**WORK INSTRUCTIONS:** Although the entries contain pictures, return everything else in them verbatim and omit the pictures.

**EXERCISE INPUTS:**
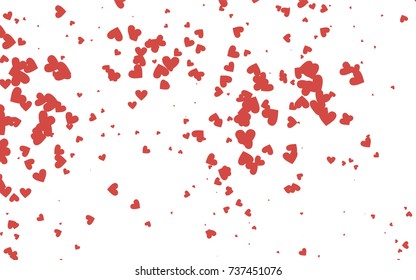 Light red vector hearts isolated on white background. Cool pattern in origami style with gradient for Valentine day. Graphic illustration for your business design.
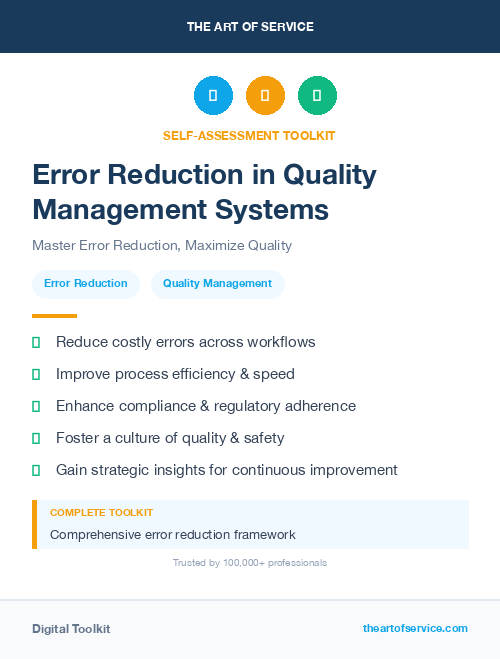 Error Reduction in Quality Management Systems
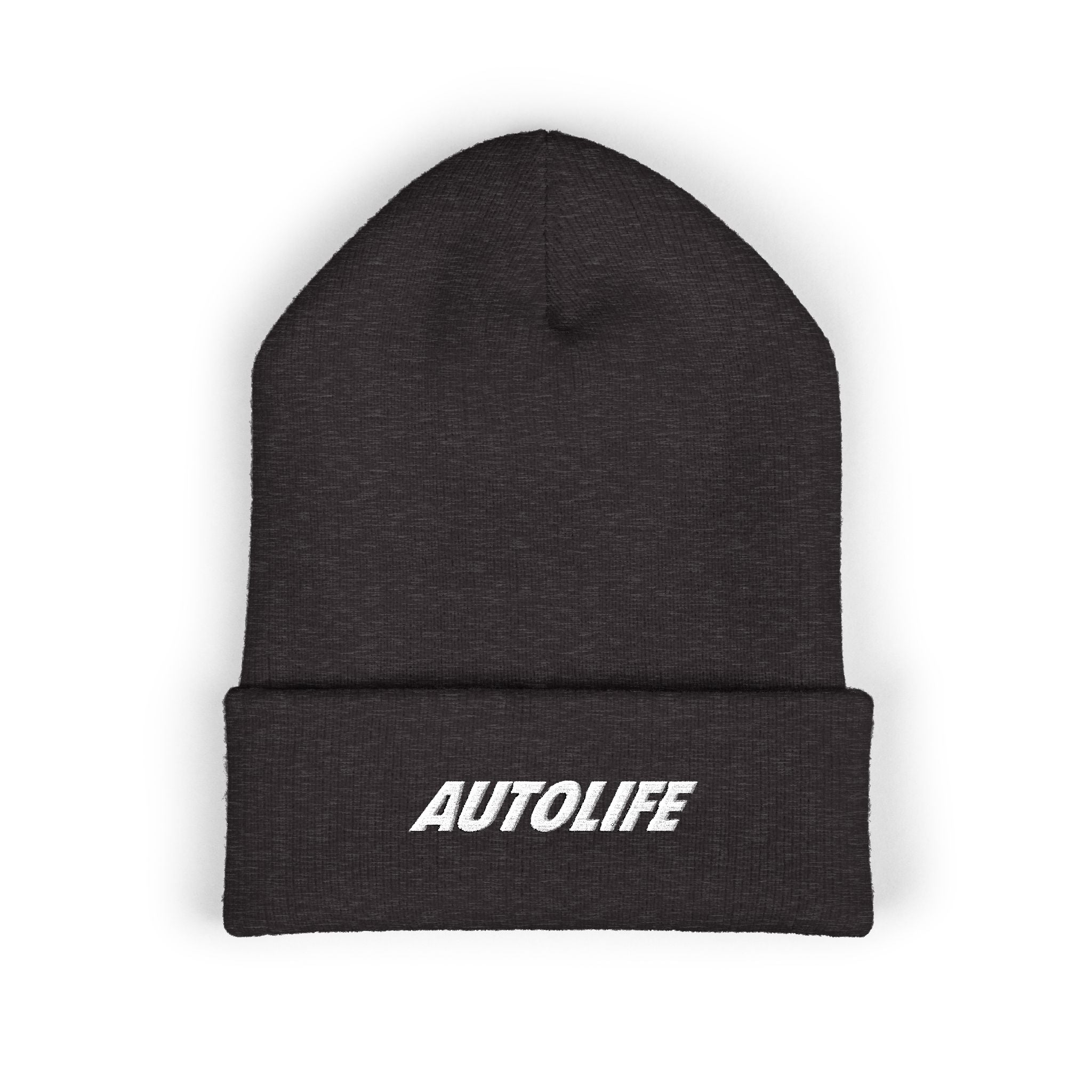Autolife Embroidered Cuffed Beanie — Bold Yellow Car Enthusiast Hat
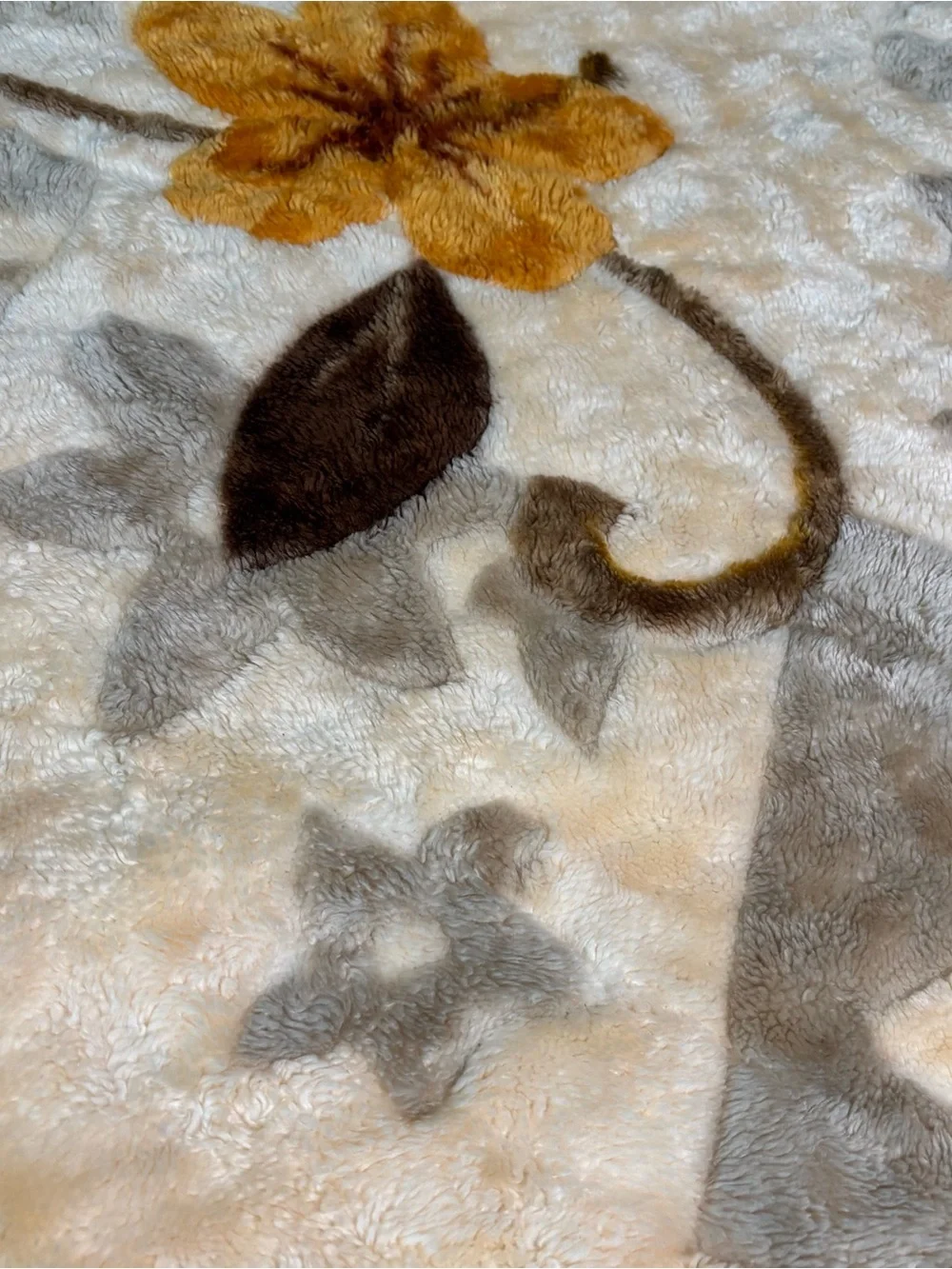 Vintage Floral Hawaiian Korean Mink Acrylic Plush Blanket Reversible 68x86” Full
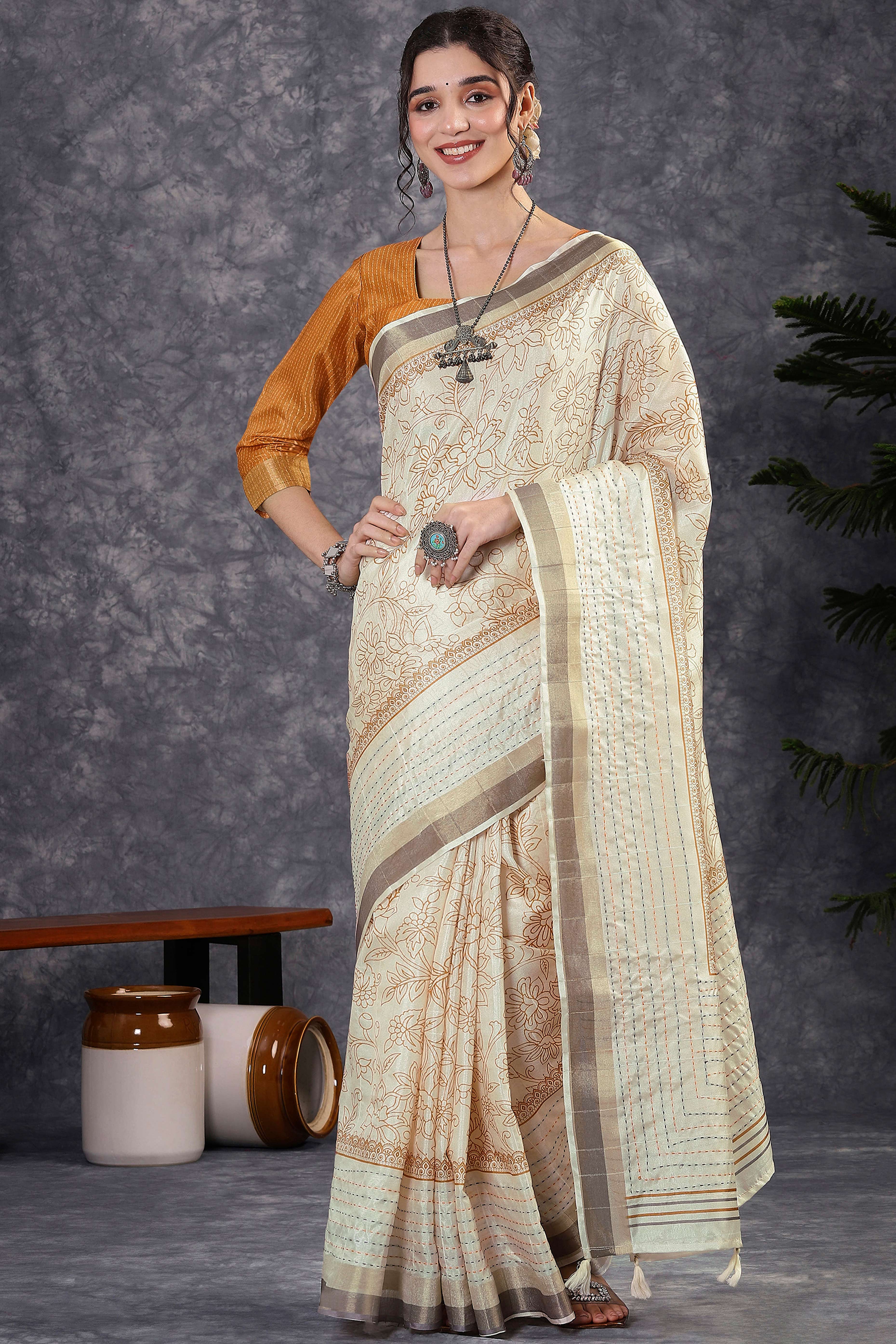 Offwhite & Orange Floral Printed Kotha Cotton Silk Saree With Beautifully Crafted Katha Embroidery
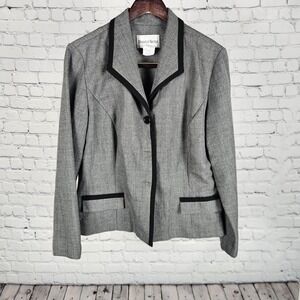 Danny & Nicole Womens‎ Blazer Size 14 Gray Herringbone Jacket Career Office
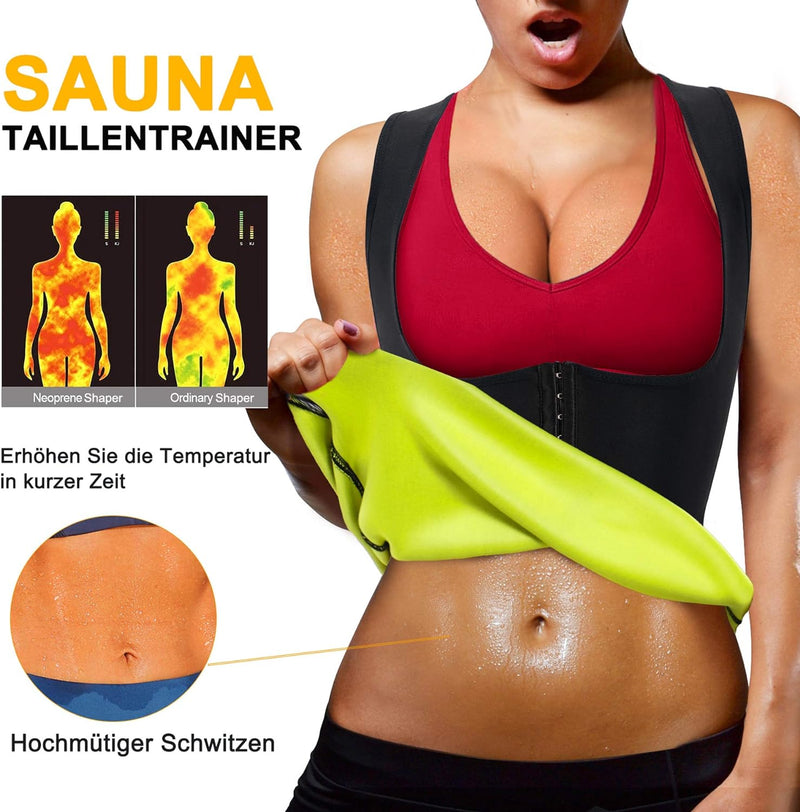 CHUMIAN Damen Sauna Schwitzeffekt Training TankTop Unterbrust Taillenformer Korsett Neopren Abnehmen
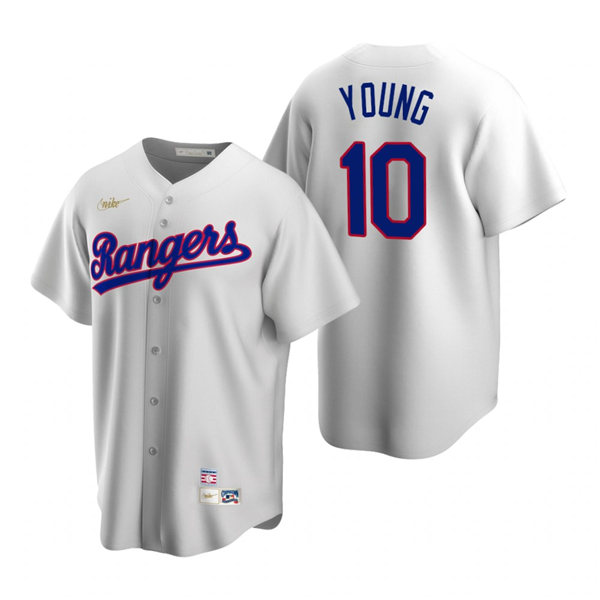 Mens Texas Rangers #10 Michael Young Nike White Cooperstown Collection Jersey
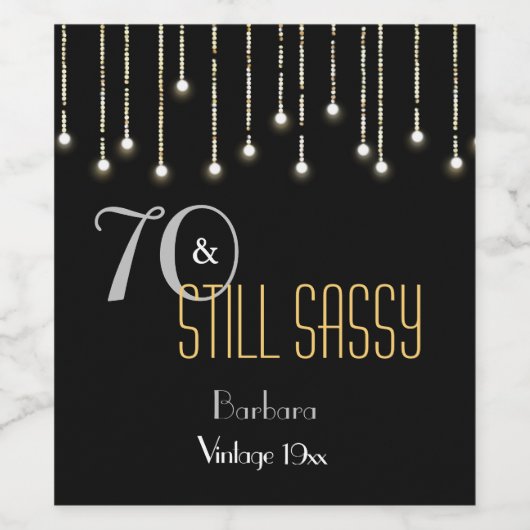 70 Sassy Zwart Zilver Goud String Lights Verjaarda Wijn Etiket (Enkel label)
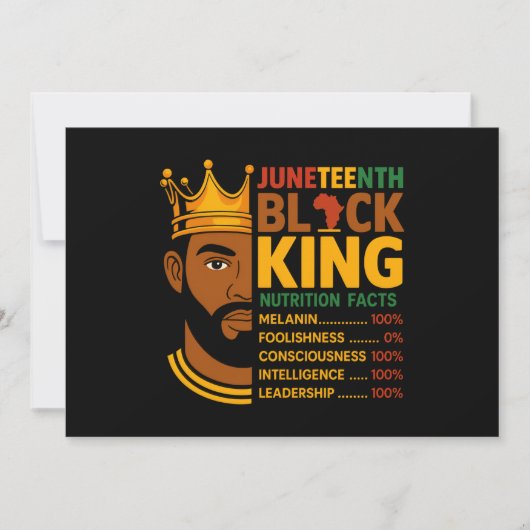 Juneteenth Zwarte Voedingsfeiten Trots Afrikaans  Kaart (Voorkant)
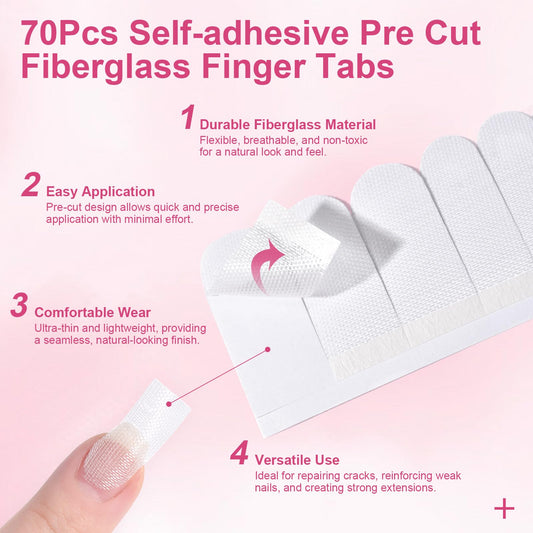 Close up view of pre-cut fibreglass nail repair tabs on sheet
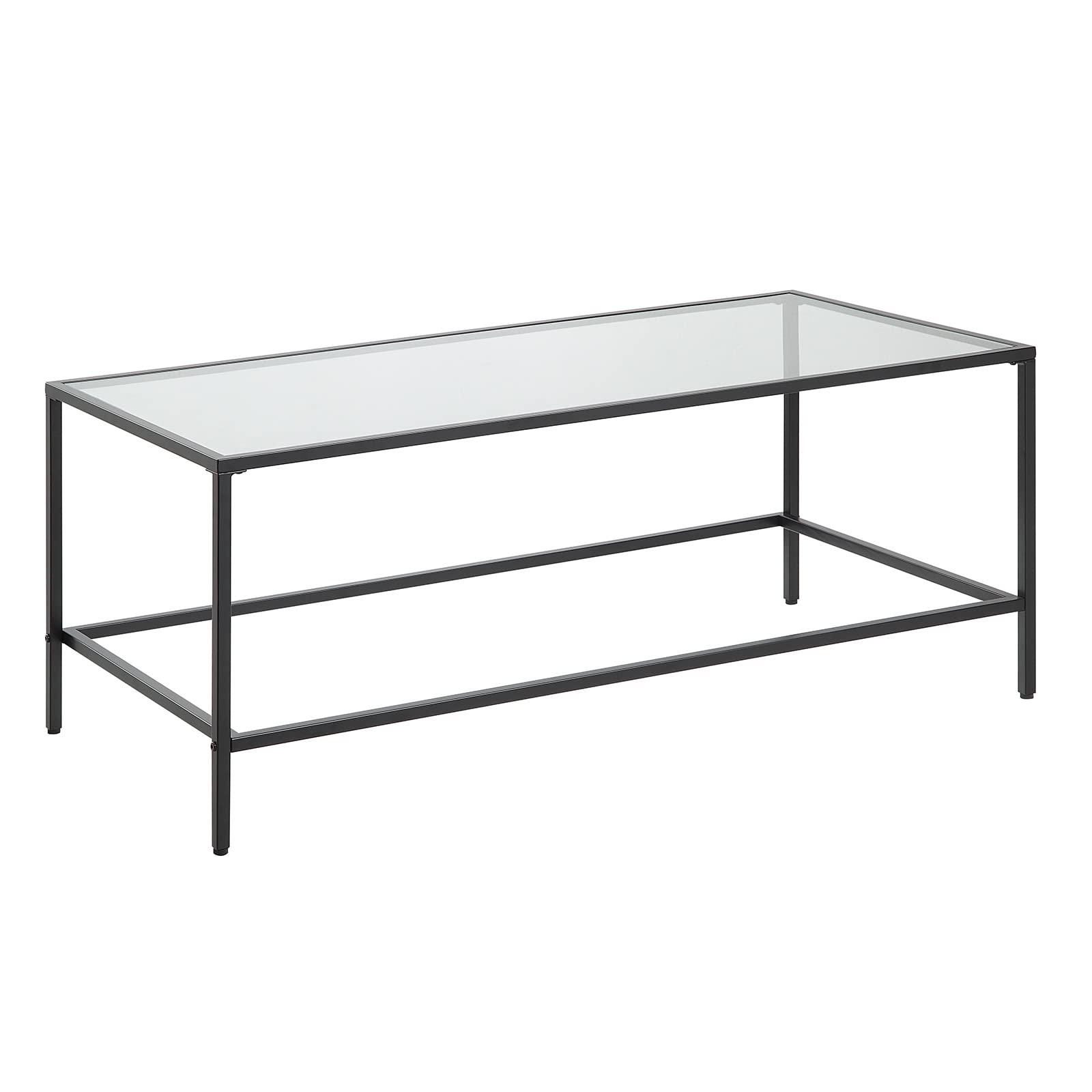 Black Coffee Table with Tempered Glass, Wide Rectangle Minimalist Center Table for Living Room, Office, Outdoor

**RESPONSE:**
 Light red vector hearts isolated on white background. Cool pattern in origami style with gradient for Valentine day. Graphic illustration for your business design.
 Error Reduction in Quality Management Systems
Autolife Embroidered Cuffed Beanie — Bold Yellow Car Enthusiast Hat
 Vintage Floral Hawaiian Korean Mink Acrylic Plush Blanket Reversible 68x86” Full
 Offwhite & Orange Floral Printed Kotha Cotton Silk Saree With Beautifully Crafted Katha Embroidery
 Danny & Nicole Womens‎ Blazer Size 14 Gray Herringbone Jacket Career Office
 CHUMIAN Damen Sauna Schwitzeffekt Training TankTop Unterbrust Taillenformer Korsett Neopren Abnehmen
 Mens Texas Rangers #10 Michael Young Nike White Cooperstown Collection Jersey
 70 Sassy Zwart Zilver Goud String Lights Verjaarda Wijn Etiket (Enkel label)
 Juneteenth Zwarte Voedingsfeiten Trots Afrikaans  Kaart (Voorkant)
 Close up view of pre-cut fibreglass nail repair tabs on sheet
 Black Coffee Table with Tempered Glass, Wide Rectangle Minimalist Center Table for Living Room, Office, Outdoor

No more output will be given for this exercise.